• _Exercise instructions_: Once the images are set aside, print the remaining lines below exactly.
--- Dataset content Enclosed Below ---
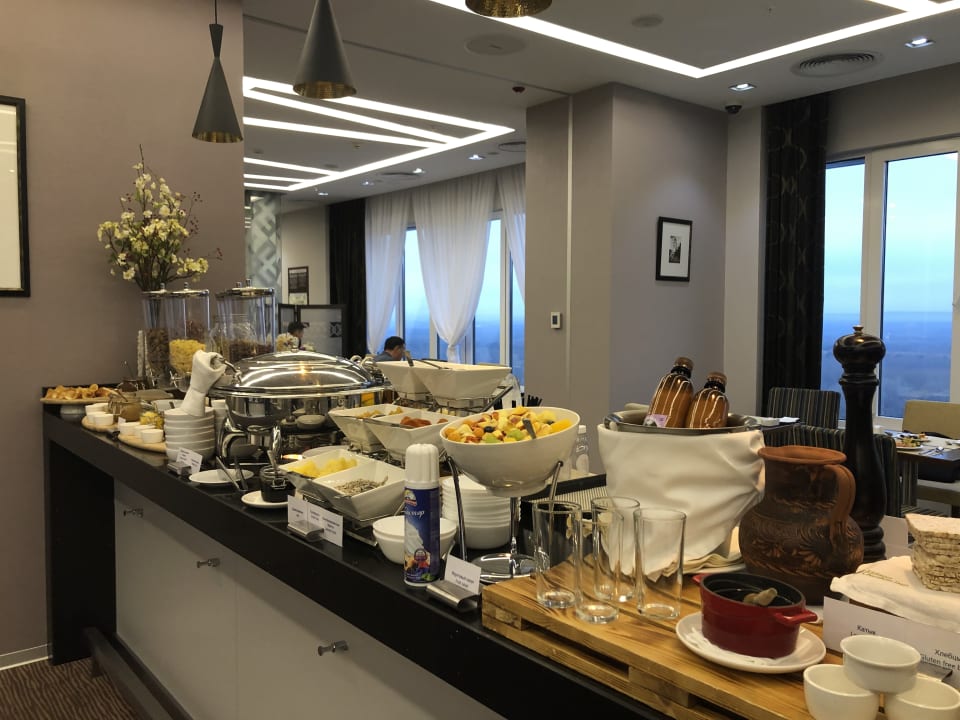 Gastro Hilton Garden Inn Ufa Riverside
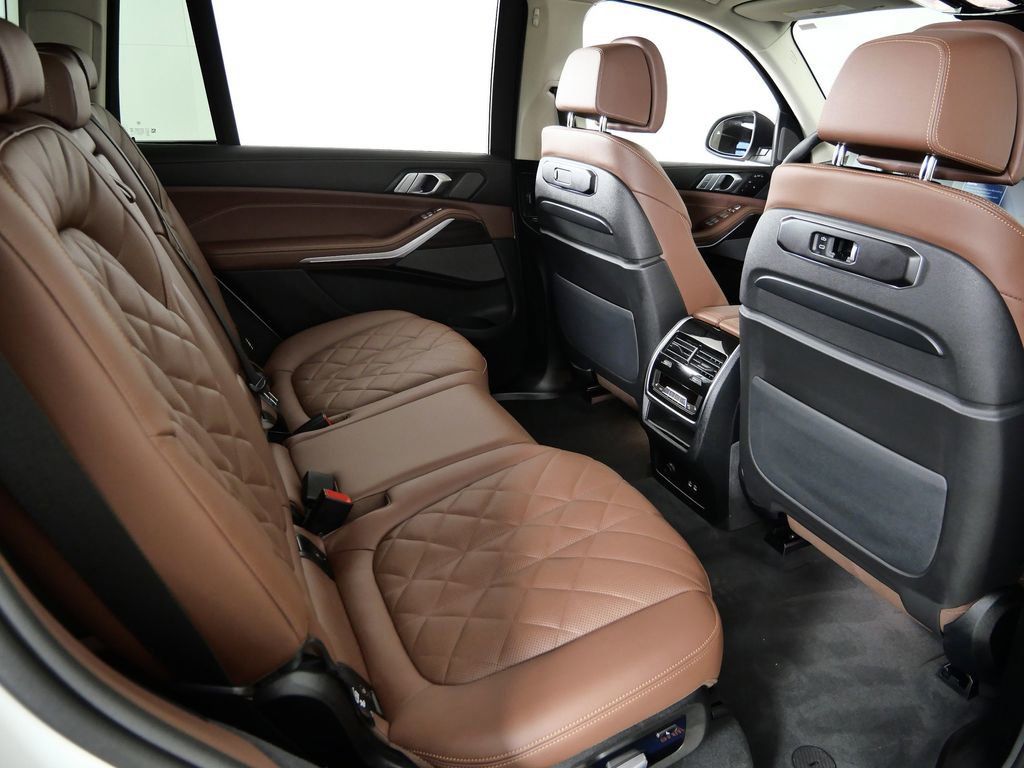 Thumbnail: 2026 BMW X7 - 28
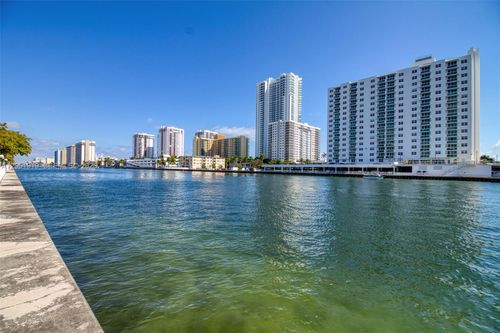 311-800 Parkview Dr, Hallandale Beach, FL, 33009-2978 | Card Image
--- End of Enclosed Dataset content ---
• _Output below_:
 Gastro Hilton Garden Inn Ufa Riverside
 Thumbnail: 2026 BMW X7 - 28
 311-800 Parkview Dr, Hallandale Beach, FL, 33009-2978 | Card Image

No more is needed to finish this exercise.